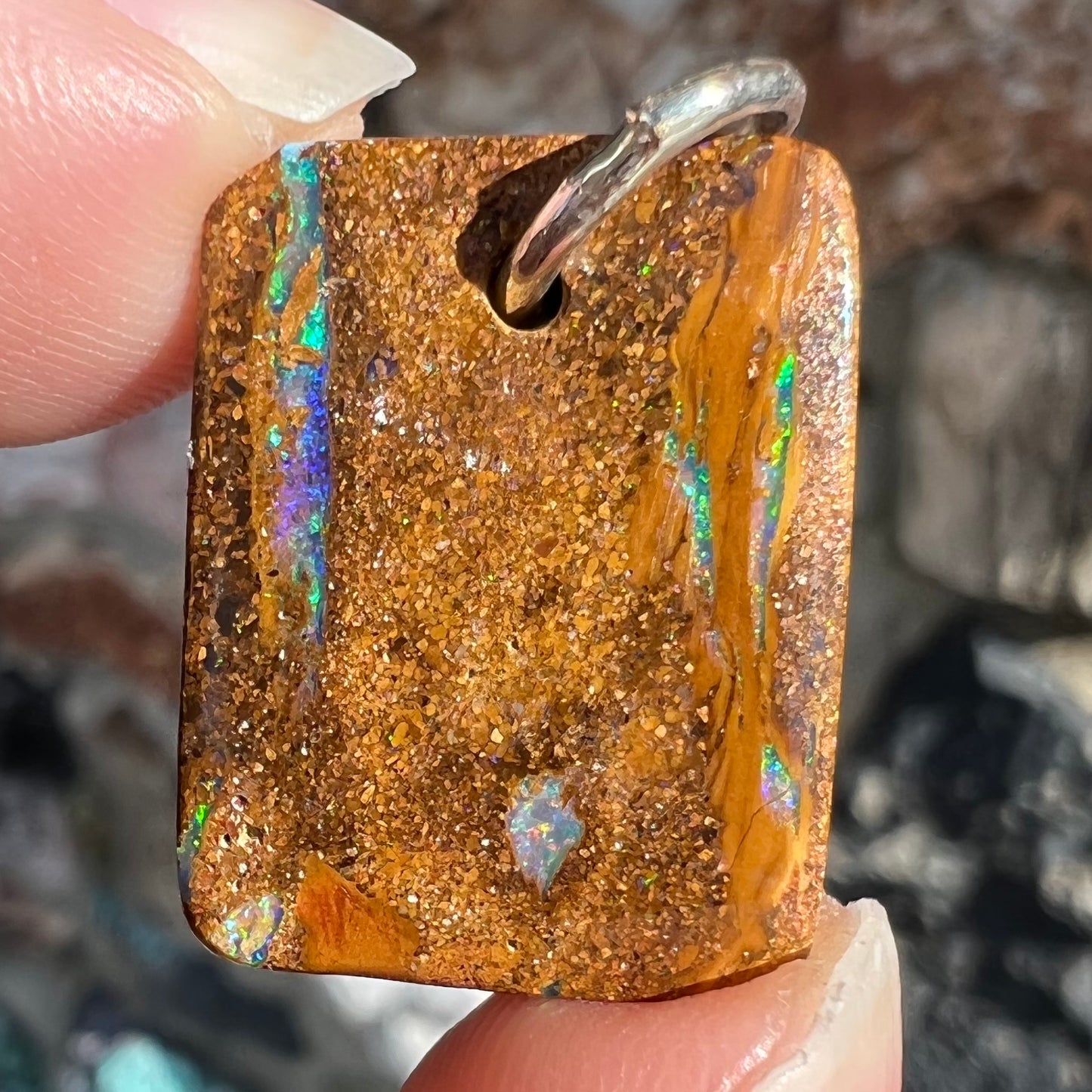 A drilled boulder opal stone with a sterling silver ring through the hole to be worn as a pendant.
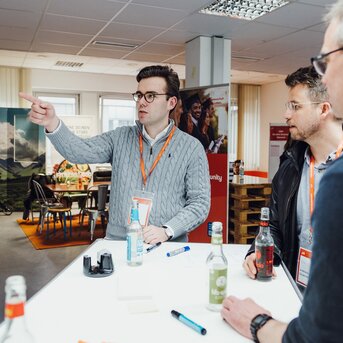 Drei Männer stehen an einem Tisch, einer zeigt mit dem Finger auf etwas. Alle tragen Namensschilder und diskutieren. Getränke sind auf dem Tisch.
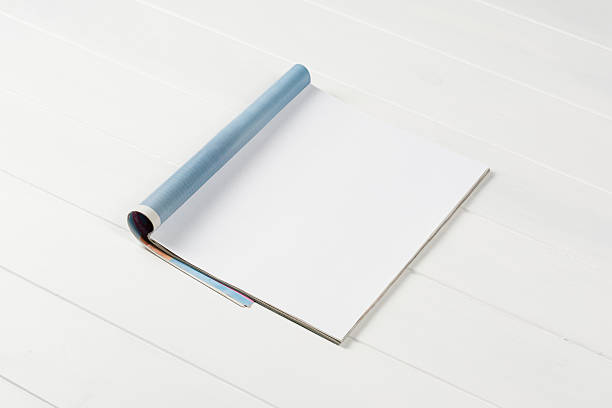 istock Mock-up magazines or catalog on wooden table background. 637167156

====

_TASK TO COMPLETE_
Without any of its pictures, the listing is to be repeated exactly as it stands.

_TASK ANSWER_
 A drilled boulder opal stone with a sterling silver ring through the hole to be worn as a pendant.
 Drei Männer stehen an einem Tisch, einer zeigt mit dem Finger auf etwas. Alle tragen Namensschilder und diskutieren. Getränke sind auf dem Tisch.
 istock Mock-up magazines or catalog on wooden table background. 637167156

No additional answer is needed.